Nonetheless, he said, there remains a long way to go to increase the number of donors.
Garfinkel was formed by the Jewish community, he said, and has been deeply influenced by his grandmothers. While both his grandfathers passed away when he was young, Garfinkel cites his grandmothers as models of community engagement. His late paternal grandparents, Marsha and Israel (Izzy) Garfinkel, were members of Schara Tzedeck, while his maternal grandparents, Ethel and the late Jonah (Johnny) Karmel, were Beth Israel members. Ethel Karmel was a leader in the preservation of the Cambie Heritage Boulevard, lobbying successfully to have the Cambie Skytrain route go underground, and is an artist with an upcoming exhibition (see Community Calendar for details).

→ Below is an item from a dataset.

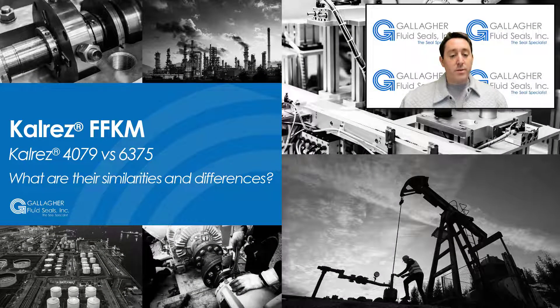Hello, this is Gallagher FluidSeals, and today we are going to discuss two of DuPont's most popular FFKM compounds and what makes them similar and what makes them different: CalRes 4079 and CalRes Spectrum 6375.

His grandparents’ and parents’ models of community service, he said, helped make him the person he is.
“You understand the interest of looking out for other people, you understand the importance of tikkun olam,” said Garfinkel, who also credits summers at Camp Miriam for building his Judaism and social conscience.
In his race for the nomination, Garfinkel said he is relying on his experience drawing people into the political sphere.
“My background’s in engaging people into the political process so they can have a voice,” he said. “In many cases, it’s been the Jewish community and young people, but also multicultural and new Canadians, where there is some kind of disconnect between them and the government that’s supposed to represent them.”
His candidacy is resonating in particular with young people, he said. In many cases, young people are asking him basic questions about the political system, which indicates to Garfinkel that they feel alienated from it.
“People don’t feel represented,” he said. “First and foremost, I want to make sure people have a voice and I want to fight for them in Victoria.”
His own experience is similar to that of many his age, he added.
“I have a small apartment in the riding and I’m afraid that a bigger place nearby is already out of reach,” he said. “I see transportation and transit as really important because it allows people to spend more time with their families and it protects the environment.”
The riding of Vancouver-Fairview runs from False Creek to 33rd Avenue between Main and Granville, and also includes areas west of Granville from Cornwall to Fourth Avenue east of Burrard, and east of Arbutus from 4th to 16th.
“I think there’s a general consensus that this is a great neighborhood to live in, but it’s not always easy to live here,” said Garfinkel. “If you look at things like housing affordability, it’s something that affects a lot of people here and a lot of future generations as well.”
The election is slated for May 9, 2017, but first Garfinkel has to win the B.C. Liberal nomination. The date for the nomination meeting has not been set and, therefore, neither has the deadline for joining the party in order to vote at the meeting. Garfinkel expects the meeting to be called for January, which means the membership cut-off will be in the coming few weeks.
He believes his comparatively young age combined with his experience in government is good preparation to be an MLA.
“I thought maybe I should wait until I’m older and have more money in my bank account and a longer resumé, but I realized that I have energy now, I have the desire now and have some really great experience I can bring to the table,” he said. “I’m ready.”